Валера считал, что деньги нужны для того, чтобы тратить. Не жалел их ни для себя, ни для других. Шахнарович и его жена Вита вспоминали, что когда у них возникли финансовые проблемы, Валера ненароком заезжал, а они потом под скатертью находили купюры. Знал, что предложи он помощь в открытую, они бы взять постеснялись.
Валера был перфекционистом во всем. Как-то я собралась купить на кухню дешевую отечественную плиту и два дня слушала крики, что он больше ни петь не будет, ни жить со мной. В итоге купили итальянскую. Плиту привезли незадолго до Нового года. Валера ходил словно вокруг елки и, довольный, крутил ручки.
Не могу сказать, что, оказавшись у меня под крылом, Ободзинский стал образцово-показательным.
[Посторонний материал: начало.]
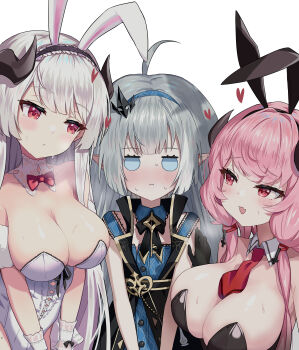 3girls :i absurdres ahoge animal_ear_hairband animal_ears bernina_(stella_sora) between_breasts black_dress black_gloves black_leotard black_ribbon blue_dress blue_eyes blush bow bowtie breasts cleavage coat_dress commentary_request cross-laced_clothes cross-laced_leotard demon_girl demon_horns detached_collar dress fake_animal_ears fang female_tyrant_(stella_sora) flat_chest gloves grey_hair hair_intakes hairband hand_on_another&#039;s_shoulder heart highres horns jewelry jitome key key_necklace large_breasts layered_dress leotard long_hair looking_at_another low_twintails multiple_girls neck_ribbon necklace necktie necktie_between_breasts nervous_sweating official_alternate_costume open_mouth pink_hair playboy_bunny pointy_ears rabbit_ears red_bow red_bowtie red_eyes red_necktie ribbon shi3yin1 skin_fang sleeveless sleeveless_dress smile solid_circle_eyes steaming_body stella_sora sweat traditional_bowtie twintails tyrant_(stella_sora) very_long_hair virigia_(stella_sora) white_hair white_leotard wrist_cuffs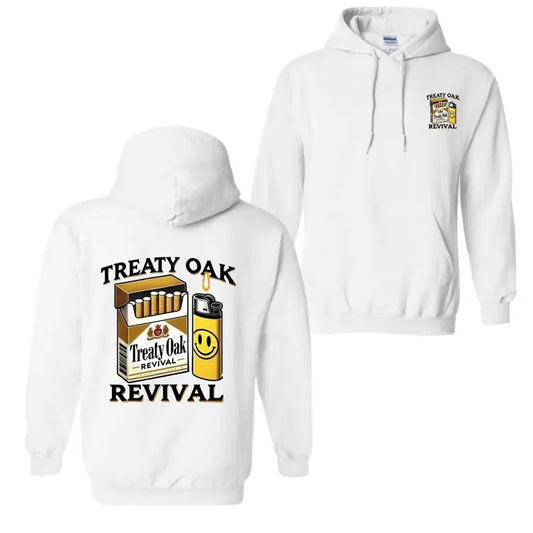 Treaty Oak Revival Hoodie  T-Shirt, Bold Graphic of a Cigarette Pack and Lighter Design, Trendy and Unisex Pullover, Perfect for Music Lovers and Fans of Street Style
Завязав с таблетками, Валера по-прежнему любил иногда выпить. А если выпивал, его тянуло на свободу. Видно, сказывалось беспризорное детство. Находил повод разругаться и уходил из дому. Как-то я переперчила щи. Валера, как обычно не попробовав, добавил еще перцу, после чего устроил скандал и хлопнул дверью.
Или надоедает ему слушать мои уговоры:
— Сходи на телевидение, тебя пригласили... Запиши новую песню...
— Достала ты меня, Анна! — скажет и сбежит.
Лишь однажды доехал до Одессы, обычно далеко не уходил, во дворе гулял. Его все тут знали, обожали и привечали. Вот расстанется он со мной в очередной раз навеки, я выйду во двор, а мне со всех сторон депеши летят — где он, что он.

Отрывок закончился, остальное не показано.